-- Extracted records follows --

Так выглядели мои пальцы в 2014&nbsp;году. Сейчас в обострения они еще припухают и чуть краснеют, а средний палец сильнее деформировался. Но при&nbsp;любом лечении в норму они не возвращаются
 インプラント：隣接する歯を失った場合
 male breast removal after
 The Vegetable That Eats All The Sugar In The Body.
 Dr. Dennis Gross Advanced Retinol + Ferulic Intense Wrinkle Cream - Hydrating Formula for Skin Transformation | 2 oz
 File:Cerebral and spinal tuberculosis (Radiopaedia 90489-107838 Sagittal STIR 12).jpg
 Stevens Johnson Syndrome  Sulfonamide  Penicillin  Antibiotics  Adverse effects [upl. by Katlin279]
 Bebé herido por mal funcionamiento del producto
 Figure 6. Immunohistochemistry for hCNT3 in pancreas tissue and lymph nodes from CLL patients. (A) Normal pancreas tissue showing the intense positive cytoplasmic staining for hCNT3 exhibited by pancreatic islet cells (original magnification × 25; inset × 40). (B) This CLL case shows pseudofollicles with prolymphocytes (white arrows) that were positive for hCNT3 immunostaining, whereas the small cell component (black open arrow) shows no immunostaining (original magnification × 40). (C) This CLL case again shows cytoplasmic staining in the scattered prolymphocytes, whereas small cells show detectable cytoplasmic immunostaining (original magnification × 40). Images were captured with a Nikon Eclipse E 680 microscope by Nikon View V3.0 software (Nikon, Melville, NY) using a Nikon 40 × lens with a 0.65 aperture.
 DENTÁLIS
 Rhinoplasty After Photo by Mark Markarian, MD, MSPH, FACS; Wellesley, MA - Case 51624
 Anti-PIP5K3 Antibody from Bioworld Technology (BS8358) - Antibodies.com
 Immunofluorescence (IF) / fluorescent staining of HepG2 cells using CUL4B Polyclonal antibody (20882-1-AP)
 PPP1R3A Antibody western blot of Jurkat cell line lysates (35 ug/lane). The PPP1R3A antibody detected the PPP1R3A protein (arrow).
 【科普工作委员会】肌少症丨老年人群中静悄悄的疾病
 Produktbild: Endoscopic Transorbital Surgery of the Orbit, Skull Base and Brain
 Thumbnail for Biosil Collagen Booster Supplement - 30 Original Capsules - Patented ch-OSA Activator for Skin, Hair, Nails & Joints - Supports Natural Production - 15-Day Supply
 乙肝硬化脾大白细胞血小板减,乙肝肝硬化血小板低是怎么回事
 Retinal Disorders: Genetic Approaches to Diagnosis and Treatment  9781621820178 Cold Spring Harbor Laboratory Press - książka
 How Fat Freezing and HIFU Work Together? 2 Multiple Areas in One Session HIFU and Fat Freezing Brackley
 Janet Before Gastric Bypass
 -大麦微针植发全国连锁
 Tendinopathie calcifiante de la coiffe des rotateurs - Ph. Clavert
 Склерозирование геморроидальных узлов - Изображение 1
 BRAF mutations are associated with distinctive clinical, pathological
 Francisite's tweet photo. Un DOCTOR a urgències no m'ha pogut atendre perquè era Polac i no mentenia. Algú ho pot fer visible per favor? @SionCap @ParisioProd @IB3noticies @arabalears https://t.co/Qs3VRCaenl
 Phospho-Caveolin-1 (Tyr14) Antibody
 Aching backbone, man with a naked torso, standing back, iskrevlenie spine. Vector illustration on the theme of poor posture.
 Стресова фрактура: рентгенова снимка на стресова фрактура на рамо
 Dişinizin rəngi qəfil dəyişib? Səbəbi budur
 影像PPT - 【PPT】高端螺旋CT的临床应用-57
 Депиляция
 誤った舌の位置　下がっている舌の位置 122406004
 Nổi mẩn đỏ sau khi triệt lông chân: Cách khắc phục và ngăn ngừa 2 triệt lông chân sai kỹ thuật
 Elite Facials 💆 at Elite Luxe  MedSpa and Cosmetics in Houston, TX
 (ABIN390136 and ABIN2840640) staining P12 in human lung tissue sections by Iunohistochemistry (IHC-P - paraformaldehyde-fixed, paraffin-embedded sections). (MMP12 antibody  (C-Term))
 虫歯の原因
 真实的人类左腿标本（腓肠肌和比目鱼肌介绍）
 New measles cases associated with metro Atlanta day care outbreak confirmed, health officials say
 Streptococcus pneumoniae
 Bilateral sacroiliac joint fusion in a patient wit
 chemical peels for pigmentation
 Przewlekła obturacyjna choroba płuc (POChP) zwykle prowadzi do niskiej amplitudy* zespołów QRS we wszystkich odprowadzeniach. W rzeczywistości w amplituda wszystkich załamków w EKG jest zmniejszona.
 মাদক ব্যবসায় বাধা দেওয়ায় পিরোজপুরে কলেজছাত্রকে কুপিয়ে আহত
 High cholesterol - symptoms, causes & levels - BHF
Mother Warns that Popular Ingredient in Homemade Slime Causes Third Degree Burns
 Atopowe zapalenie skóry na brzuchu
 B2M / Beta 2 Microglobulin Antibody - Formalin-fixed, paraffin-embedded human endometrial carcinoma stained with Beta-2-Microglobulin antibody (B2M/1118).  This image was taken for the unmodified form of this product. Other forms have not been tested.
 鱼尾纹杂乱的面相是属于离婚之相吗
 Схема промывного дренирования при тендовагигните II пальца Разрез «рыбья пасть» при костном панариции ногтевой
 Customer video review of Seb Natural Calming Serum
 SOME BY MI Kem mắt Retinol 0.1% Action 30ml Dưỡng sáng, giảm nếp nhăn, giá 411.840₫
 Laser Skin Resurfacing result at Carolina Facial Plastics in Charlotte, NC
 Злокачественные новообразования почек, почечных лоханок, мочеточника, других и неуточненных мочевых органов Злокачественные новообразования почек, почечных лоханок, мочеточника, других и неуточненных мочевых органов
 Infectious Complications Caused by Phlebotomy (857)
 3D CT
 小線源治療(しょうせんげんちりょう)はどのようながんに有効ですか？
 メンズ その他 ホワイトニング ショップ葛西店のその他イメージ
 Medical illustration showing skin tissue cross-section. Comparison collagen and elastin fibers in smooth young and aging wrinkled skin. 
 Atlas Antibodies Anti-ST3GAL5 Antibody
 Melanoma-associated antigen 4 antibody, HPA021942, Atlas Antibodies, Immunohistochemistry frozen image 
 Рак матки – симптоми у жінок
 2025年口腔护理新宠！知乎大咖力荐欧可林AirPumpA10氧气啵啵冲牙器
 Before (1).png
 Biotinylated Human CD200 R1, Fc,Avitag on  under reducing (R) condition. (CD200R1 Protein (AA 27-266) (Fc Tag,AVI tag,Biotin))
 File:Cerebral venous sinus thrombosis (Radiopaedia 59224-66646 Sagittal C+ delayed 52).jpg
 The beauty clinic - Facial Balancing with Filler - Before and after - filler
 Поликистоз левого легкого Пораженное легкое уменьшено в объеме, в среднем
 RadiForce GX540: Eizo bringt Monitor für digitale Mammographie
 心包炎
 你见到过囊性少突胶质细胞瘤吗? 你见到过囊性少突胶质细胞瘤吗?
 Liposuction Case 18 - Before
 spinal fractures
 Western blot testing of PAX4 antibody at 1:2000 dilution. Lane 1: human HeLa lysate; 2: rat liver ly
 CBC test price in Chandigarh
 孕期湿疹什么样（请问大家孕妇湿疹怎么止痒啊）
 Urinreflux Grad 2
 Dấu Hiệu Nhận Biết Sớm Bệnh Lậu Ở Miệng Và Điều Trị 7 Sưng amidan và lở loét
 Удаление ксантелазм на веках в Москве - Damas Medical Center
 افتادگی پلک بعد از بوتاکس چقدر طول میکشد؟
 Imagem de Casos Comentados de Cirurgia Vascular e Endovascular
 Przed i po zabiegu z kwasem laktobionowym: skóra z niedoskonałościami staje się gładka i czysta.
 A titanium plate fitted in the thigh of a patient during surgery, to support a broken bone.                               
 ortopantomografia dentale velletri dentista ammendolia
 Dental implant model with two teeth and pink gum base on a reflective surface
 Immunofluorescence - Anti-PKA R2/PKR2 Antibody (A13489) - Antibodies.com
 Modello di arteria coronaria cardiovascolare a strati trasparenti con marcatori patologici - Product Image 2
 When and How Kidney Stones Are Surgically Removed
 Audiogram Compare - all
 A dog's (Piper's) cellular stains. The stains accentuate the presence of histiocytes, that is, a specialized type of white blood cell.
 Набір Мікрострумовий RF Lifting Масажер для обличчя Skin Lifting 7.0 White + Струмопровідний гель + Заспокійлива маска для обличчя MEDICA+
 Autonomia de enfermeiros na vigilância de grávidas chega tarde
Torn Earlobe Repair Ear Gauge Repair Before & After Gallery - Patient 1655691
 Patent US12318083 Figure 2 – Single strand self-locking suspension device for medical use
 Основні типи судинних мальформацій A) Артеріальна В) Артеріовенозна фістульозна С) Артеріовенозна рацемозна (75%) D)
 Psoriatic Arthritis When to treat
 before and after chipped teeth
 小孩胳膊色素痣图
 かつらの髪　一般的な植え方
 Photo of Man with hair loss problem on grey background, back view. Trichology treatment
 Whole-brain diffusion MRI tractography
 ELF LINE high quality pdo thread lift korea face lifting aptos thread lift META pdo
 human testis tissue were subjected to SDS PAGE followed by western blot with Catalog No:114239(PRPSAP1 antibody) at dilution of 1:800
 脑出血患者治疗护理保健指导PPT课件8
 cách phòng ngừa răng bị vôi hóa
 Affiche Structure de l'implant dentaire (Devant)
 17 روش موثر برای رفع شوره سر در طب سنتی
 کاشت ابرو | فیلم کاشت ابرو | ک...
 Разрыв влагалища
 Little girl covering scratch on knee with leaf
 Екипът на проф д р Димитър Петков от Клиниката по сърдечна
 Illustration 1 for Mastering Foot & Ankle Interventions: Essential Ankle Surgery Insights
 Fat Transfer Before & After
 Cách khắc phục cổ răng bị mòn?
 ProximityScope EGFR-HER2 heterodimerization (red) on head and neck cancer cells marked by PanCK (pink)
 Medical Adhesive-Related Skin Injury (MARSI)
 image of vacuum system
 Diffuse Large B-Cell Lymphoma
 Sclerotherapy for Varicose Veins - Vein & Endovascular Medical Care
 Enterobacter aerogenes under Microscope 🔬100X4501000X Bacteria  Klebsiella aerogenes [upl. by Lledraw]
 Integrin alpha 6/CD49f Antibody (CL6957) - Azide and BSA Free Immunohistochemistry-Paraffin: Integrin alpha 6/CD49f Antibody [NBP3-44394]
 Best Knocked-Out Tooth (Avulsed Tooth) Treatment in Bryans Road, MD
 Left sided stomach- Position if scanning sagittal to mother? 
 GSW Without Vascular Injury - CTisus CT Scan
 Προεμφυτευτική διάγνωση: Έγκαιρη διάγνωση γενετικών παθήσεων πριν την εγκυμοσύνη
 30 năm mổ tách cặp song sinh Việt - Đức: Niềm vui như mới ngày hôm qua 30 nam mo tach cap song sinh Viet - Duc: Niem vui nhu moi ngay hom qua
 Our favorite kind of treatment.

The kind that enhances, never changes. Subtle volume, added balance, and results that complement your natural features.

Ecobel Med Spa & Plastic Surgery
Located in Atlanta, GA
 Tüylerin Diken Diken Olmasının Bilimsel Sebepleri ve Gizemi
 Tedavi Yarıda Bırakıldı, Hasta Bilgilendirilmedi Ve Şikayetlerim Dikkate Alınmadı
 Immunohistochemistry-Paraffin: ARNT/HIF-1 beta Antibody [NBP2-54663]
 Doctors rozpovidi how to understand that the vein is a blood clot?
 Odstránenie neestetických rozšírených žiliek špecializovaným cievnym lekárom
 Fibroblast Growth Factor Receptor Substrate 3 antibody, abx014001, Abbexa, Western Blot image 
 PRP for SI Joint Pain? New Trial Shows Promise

-- Extracted records concluded --

Work instruction: Using the records above, output exactly the lines from the first through the line that contains "Dr. Dennis Gross", with both of those included.

Response:
Так выглядели мои пальцы в 2014&nbsp;году. Сейчас в обострения они еще припухают и чуть краснеют, а средний палец сильнее деформировался. Но при&nbsp;любом лечении в норму они не возвращаются
 インプラント：隣接する歯を失った場合
 male breast removal after
 The Vegetable That Eats All The Sugar In The Body.
 Dr. Dennis Gross Advanced Retinol + Ferulic Intense Wrinkle Cream - Hydrating Formula for Skin Transformation | 2 oz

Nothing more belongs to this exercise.